WHAT THE EXERCISE ASKS:
Pictures excluded, reproduce exactly the lines below from the one with "observatory on top" through the one with "58152047153 EUROBRAKE Тормозной", both included.

RECORDS SUPPLIED:
**********

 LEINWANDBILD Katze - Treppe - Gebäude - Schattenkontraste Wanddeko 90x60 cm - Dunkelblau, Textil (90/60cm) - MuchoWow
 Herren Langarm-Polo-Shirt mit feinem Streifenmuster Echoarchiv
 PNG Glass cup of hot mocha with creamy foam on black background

**********

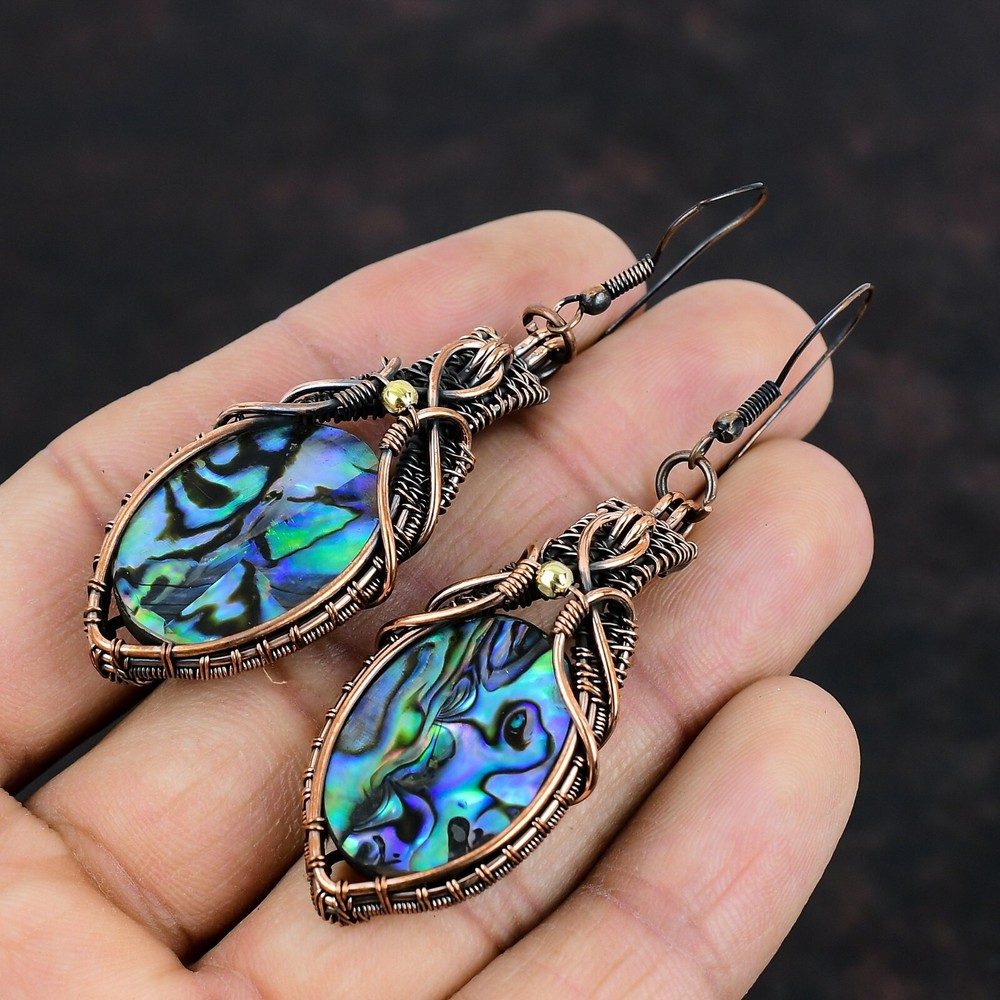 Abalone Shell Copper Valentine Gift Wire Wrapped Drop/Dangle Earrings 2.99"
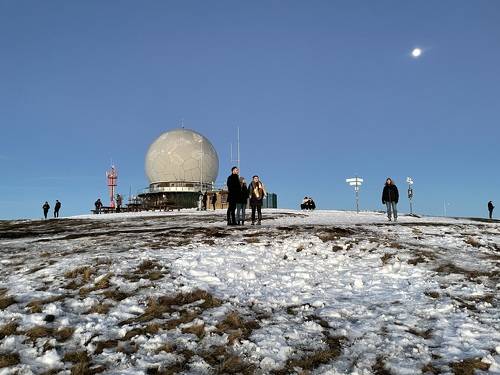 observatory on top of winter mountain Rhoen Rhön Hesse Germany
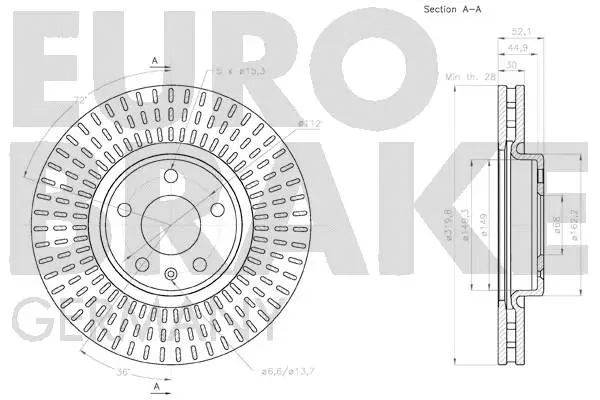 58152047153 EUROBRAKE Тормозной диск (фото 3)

**********

ANSWER BELOW:
 observatory on top of winter mountain Rhoen Rhön Hesse Germany
 58152047153 EUROBRAKE Тормозной диск (фото 3)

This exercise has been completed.